ALESI wrote:
If, as people suggest, the general level of female competitiveness is so low, then a women's only series is a terrible idea. The best way to improve is to compete with people better than yourself and 'up your game' to beat them. A women's series would likely produce one dominant woman who would then still probably not be at F1 level and with nothing to aspire to, where is the motivation to spend that extra time at the gym or in a simulator?
It would be a much better idea for a team to find a promising youngster and school them much like McLaren did with Lewis.
All of this. Specifically with regards to the last part: a few years ago, Red Bull signed Beitske Visser in their RBJT after reasonable (not superb, but quite alright) results in her rookie year in Formula ADAC. However she failed to improve in her second year, and was dropped again. So although she has arguably been the best/leading female single seater driver in Europe of the last years, even that wasn't even remotely enough for RBR to persist and invest in her. The following years she competed in FR3.5 and GP3 with very limited success, and she has made the switch to GT racing now.

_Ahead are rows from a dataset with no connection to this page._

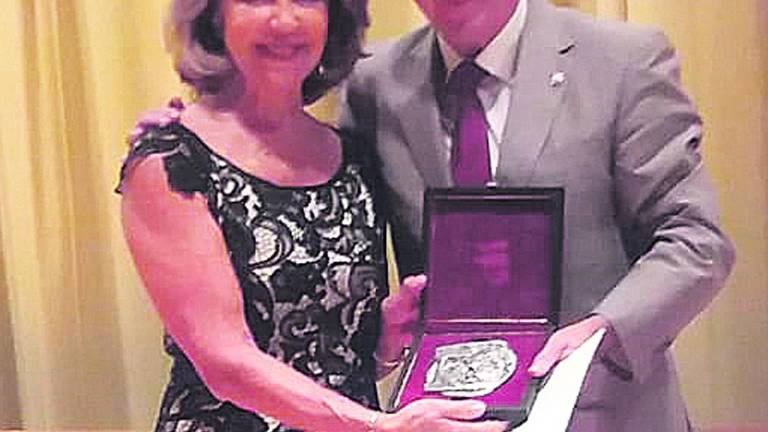 Medalla al Mérito de Bellas Artes al “Marisa Montiel” Medalla al Mérito de Bellas Artes al “Marisa Montiel”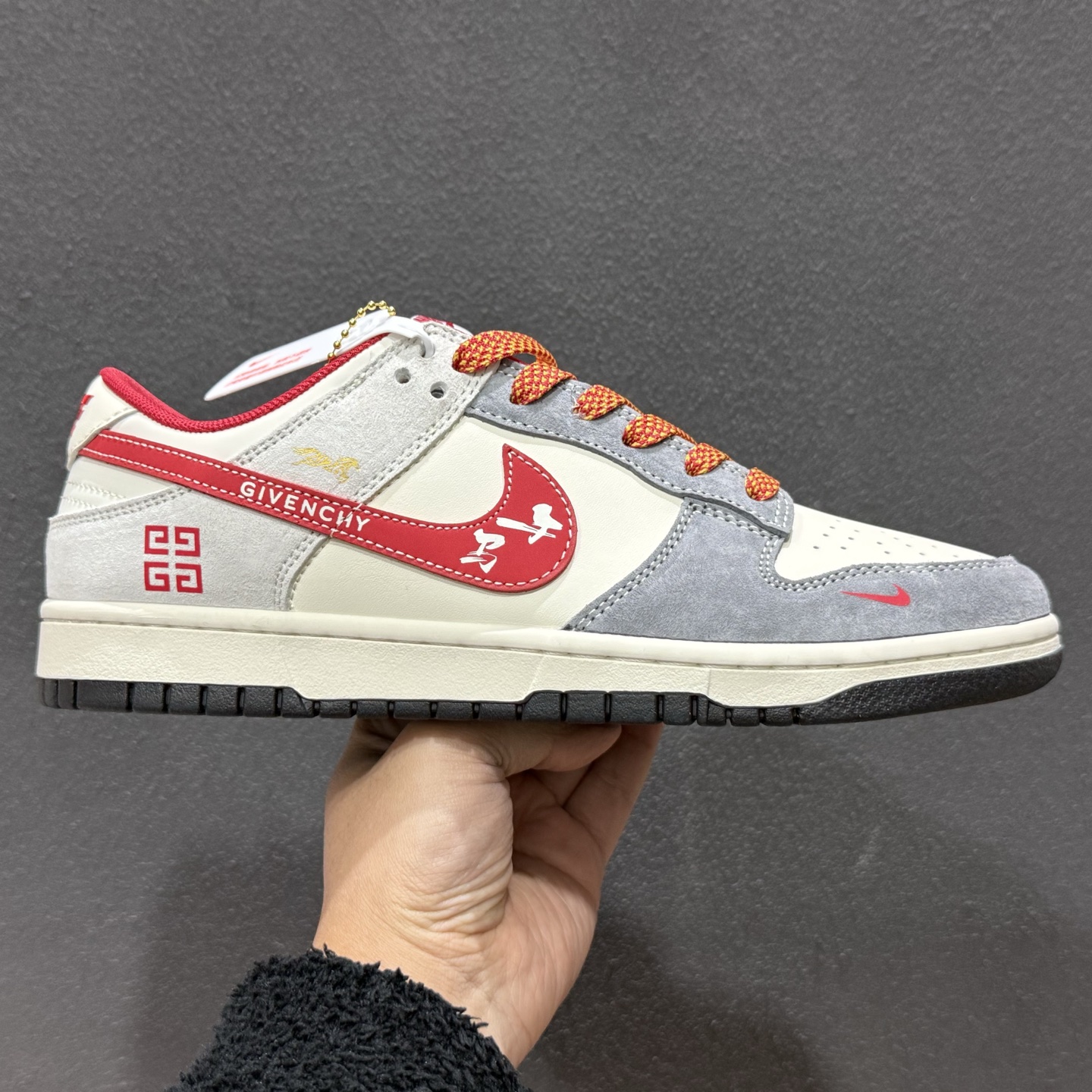 280 马年限定SB Dunk Low直接美到开挂灰白红撞色搭配细腻麂皮材质 JP2026-112-Chinese UA Cheap High Quatity Brand Clothes Bags handbags Sneakers wholesale wholesaler seller from China Factory suppliers Fashion Clothing Shoes best Quality Beautiful Price 280 马年限定SB Dunk Low直接美到开挂灰白红撞色搭配细腻麂皮材质 JP2026-112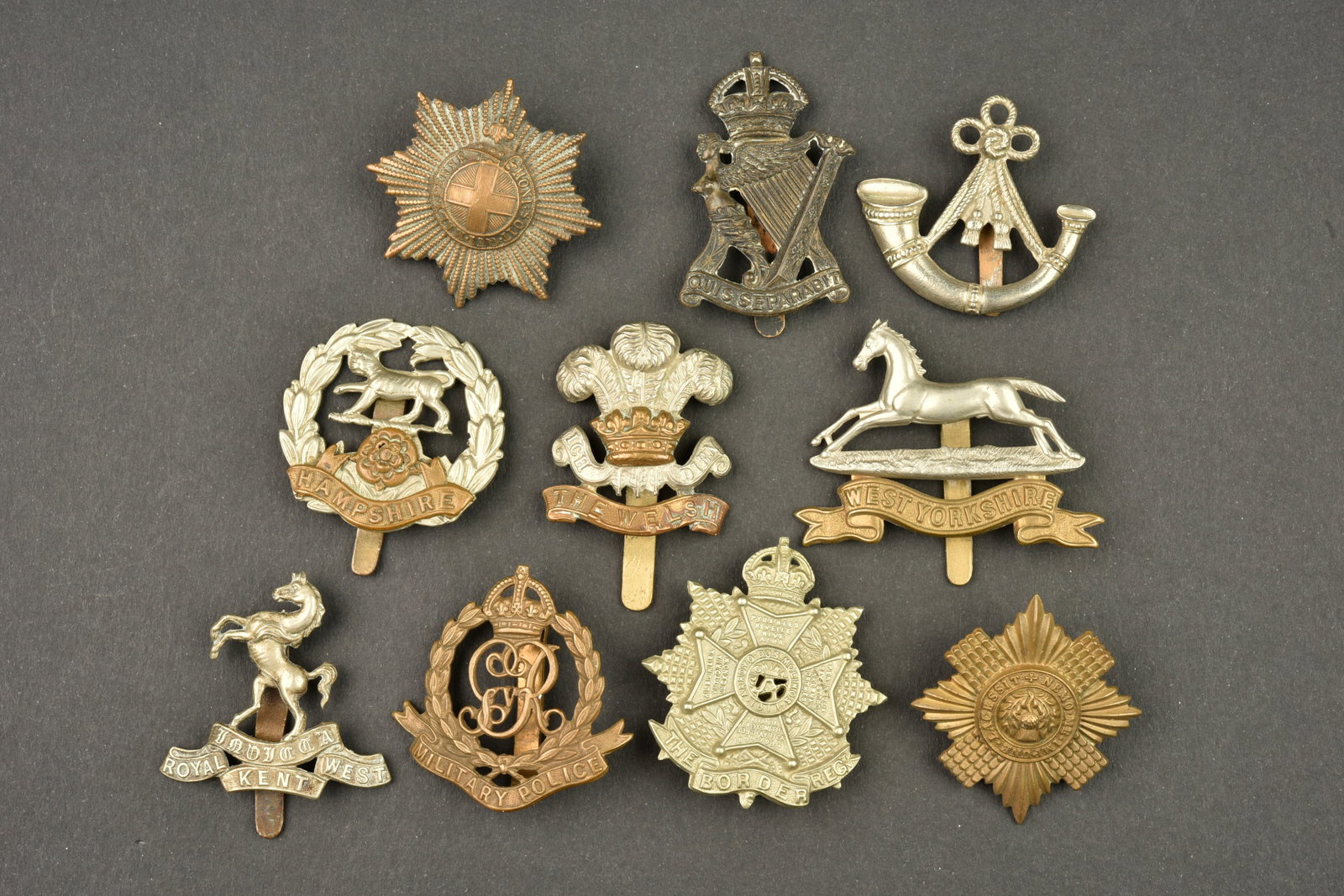 Lot de 10 insignes anglais d infanterie. Lot of 10 British infantry badges (1 of 2)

Two years ago, Sophia Flörsch was regarded as a great up and coming talent. While she is still only 17 and a lot is still possible, she has had a hard time in German F4 and hasn't finished in the top 10 overall standings in two seasons.
Coming to my overall message: this is the state of affairs currently and it shows why some ideas are just too far out there, such as:
- having a women-only single seater championship in F2 cars
- forcing F1 teams to race one male and one female driver
The first idea: there just aren't enough competent female racing drivers to fill up a grid of F2 cars without it turning into a ridiculous comical show.
The second idea: see previous, but with two added negatives. Firstly, they would just be humiliated by their male teammates. Secondly, they would take seats off of drivers (young, aspiring F1 drivers or established ones) that would actually deserve a seat on merit.
So both ideas would do far more harm than good, unless "good" means providing comic relief in the margin of "actual racing".
There is more sense to the idea of an entry-level series, F4 level or maybe even karting. The risk of this series though is that without much more interest from young girls, the result of this will be that there is still not enough talent entering, the winners would then graduate into a mixed gender championship and they would be at the back once again. Again this would do more harm than good.
So in the end... It all starts with young girls showing interest in the sport. That is what should be worked on.